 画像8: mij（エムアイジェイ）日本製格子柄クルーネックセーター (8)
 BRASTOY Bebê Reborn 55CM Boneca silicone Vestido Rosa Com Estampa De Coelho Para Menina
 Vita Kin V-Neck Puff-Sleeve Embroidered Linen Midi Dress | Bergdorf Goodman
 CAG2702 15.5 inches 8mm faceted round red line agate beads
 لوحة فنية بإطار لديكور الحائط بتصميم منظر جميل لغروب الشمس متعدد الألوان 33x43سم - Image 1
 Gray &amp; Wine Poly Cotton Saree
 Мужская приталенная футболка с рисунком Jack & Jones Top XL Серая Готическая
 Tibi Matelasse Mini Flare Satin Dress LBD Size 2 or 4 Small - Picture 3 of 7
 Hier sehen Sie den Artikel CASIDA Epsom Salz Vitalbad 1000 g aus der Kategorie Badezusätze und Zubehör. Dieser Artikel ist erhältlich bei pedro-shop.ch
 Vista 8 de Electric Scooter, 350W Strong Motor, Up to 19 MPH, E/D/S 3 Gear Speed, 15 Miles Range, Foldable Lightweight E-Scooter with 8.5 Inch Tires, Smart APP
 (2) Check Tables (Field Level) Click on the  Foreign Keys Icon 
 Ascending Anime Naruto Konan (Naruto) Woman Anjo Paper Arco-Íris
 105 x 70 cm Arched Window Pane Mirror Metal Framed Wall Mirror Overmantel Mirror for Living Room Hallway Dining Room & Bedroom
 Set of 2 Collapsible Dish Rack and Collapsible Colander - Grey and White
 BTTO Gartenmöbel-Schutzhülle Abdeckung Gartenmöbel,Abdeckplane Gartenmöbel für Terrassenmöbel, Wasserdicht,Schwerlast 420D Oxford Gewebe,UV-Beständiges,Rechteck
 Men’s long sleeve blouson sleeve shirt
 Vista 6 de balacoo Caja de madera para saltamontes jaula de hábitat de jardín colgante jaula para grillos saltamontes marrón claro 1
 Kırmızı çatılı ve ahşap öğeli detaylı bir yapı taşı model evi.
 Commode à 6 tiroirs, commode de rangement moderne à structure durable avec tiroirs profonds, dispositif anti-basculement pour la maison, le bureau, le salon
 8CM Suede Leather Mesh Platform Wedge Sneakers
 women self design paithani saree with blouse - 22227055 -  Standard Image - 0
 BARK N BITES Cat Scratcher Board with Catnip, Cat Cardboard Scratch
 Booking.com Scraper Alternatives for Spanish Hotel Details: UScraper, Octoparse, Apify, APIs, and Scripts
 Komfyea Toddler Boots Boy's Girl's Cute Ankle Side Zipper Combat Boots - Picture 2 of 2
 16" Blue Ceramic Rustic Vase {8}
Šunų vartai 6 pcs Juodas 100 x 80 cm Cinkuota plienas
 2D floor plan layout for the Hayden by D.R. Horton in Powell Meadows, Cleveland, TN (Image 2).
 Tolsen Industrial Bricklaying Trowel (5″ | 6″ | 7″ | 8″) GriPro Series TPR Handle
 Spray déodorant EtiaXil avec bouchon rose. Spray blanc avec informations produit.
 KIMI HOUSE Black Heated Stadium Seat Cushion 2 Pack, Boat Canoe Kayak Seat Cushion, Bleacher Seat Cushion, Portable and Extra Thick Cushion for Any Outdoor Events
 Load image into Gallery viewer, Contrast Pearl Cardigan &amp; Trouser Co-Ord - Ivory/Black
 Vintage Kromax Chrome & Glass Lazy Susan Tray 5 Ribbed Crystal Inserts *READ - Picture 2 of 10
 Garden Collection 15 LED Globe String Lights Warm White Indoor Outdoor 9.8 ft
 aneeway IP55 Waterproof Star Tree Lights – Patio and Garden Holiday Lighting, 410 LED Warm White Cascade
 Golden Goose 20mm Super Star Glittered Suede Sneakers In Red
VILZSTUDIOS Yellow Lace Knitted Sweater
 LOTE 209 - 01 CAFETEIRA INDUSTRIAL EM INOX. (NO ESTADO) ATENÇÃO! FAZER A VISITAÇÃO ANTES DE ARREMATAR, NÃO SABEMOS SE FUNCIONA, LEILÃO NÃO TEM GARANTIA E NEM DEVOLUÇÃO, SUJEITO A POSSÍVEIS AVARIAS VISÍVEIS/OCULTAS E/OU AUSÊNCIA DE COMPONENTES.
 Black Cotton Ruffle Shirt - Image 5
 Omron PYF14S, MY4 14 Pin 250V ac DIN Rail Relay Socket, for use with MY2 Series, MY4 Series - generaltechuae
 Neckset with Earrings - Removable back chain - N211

__DIRECTIONS FOR THIS TASK__
Provide a verbatim reproduction of all the records.

__TASK RESULT__
 画像8: mij（エムアイジェイ）日本製格子柄クルーネックセーター (8)
 BRASTOY Bebê Reborn 55CM Boneca silicone Vestido Rosa Com Estampa De Coelho Para Menina
 Vita Kin V-Neck Puff-Sleeve Embroidered Linen Midi Dress | Bergdorf Goodman
 CAG2702 15.5 inches 8mm faceted round red line agate beads
 لوحة فنية بإطار لديكور الحائط بتصميم منظر جميل لغروب الشمس متعدد الألوان 33x43سم - Image 1
 Gray &amp; Wine Poly Cotton Saree
 Мужская приталенная футболка с рисунком Jack & Jones Top XL Серая Готическая
 Tibi Matelasse Mini Flare Satin Dress LBD Size 2 or 4 Small - Picture 3 of 7
 Hier sehen Sie den Artikel CASIDA Epsom Salz Vitalbad 1000 g aus der Kategorie Badezusätze und Zubehör. Dieser Artikel ist erhältlich bei pedro-shop.ch
 Vista 8 de Electric Scooter, 350W Strong Motor, Up to 19 MPH, E/D/S 3 Gear Speed, 15 Miles Range, Foldable Lightweight E-Scooter with 8.5 Inch Tires, Smart APP
 (2) Check Tables (Field Level) Click on the  Foreign Keys Icon 
 Ascending Anime Naruto Konan (Naruto) Woman Anjo Paper Arco-Íris
 105 x 70 cm Arched Window Pane Mirror Metal Framed Wall Mirror Overmantel Mirror for Living Room Hallway Dining Room & Bedroom
 Set of 2 Collapsible Dish Rack and Collapsible Colander - Grey and White
 BTTO Gartenmöbel-Schutzhülle Abdeckung Gartenmöbel,Abdeckplane Gartenmöbel für Terrassenmöbel, Wasserdicht,Schwerlast 420D Oxford Gewebe,UV-Beständiges,Rechteck
 Men’s long sleeve blouson sleeve shirt
 Vista 6 de balacoo Caja de madera para saltamontes jaula de hábitat de jardín colgante jaula para grillos saltamontes marrón claro 1
 Kırmızı çatılı ve ahşap öğeli detaylı bir yapı taşı model evi.
 Commode à 6 tiroirs, commode de rangement moderne à structure durable avec tiroirs profonds, dispositif anti-basculement pour la maison, le bureau, le salon
 8CM Suede Leather Mesh Platform Wedge Sneakers
 women self design paithani saree with blouse - 22227055 -  Standard Image - 0
 BARK N BITES Cat Scratcher Board with Catnip, Cat Cardboard Scratch
 Booking.com Scraper Alternatives for Spanish Hotel Details: UScraper, Octoparse, Apify, APIs, and Scripts
 Komfyea Toddler Boots Boy's Girl's Cute Ankle Side Zipper Combat Boots - Picture 2 of 2
 16" Blue Ceramic Rustic Vase {8}
Šunų vartai 6 pcs Juodas 100 x 80 cm Cinkuota plienas
 2D floor plan layout for the Hayden by D.R. Horton in Powell Meadows, Cleveland, TN (Image 2).
 Tolsen Industrial Bricklaying Trowel (5″ | 6″ | 7″ | 8″) GriPro Series TPR Handle
 Spray déodorant EtiaXil avec bouchon rose. Spray blanc avec informations produit.
 KIMI HOUSE Black Heated Stadium Seat Cushion 2 Pack, Boat Canoe Kayak Seat Cushion, Bleacher Seat Cushion, Portable and Extra Thick Cushion for Any Outdoor Events
 Load image into Gallery viewer, Contrast Pearl Cardigan &amp; Trouser Co-Ord - Ivory/Black
 Vintage Kromax Chrome & Glass Lazy Susan Tray 5 Ribbed Crystal Inserts *READ - Picture 2 of 10
 Garden Collection 15 LED Globe String Lights Warm White Indoor Outdoor 9.8 ft
 aneeway IP55 Waterproof Star Tree Lights – Patio and Garden Holiday Lighting, 410 LED Warm White Cascade
 Golden Goose 20mm Super Star Glittered Suede Sneakers In Red
VILZSTUDIOS Yellow Lace Knitted Sweater
 LOTE 209 - 01 CAFETEIRA INDUSTRIAL EM INOX. (NO ESTADO) ATENÇÃO! FAZER A VISITAÇÃO ANTES DE ARREMATAR, NÃO SABEMOS SE FUNCIONA, LEILÃO NÃO TEM GARANTIA E NEM DEVOLUÇÃO, SUJEITO A POSSÍVEIS AVARIAS VISÍVEIS/OCULTAS E/OU AUSÊNCIA DE COMPONENTES.
 Black Cotton Ruffle Shirt - Image 5
 Omron PYF14S, MY4 14 Pin 250V ac DIN Rail Relay Socket, for use with MY2 Series, MY4 Series - generaltechuae
 Neckset with Earrings - Removable back chain - N211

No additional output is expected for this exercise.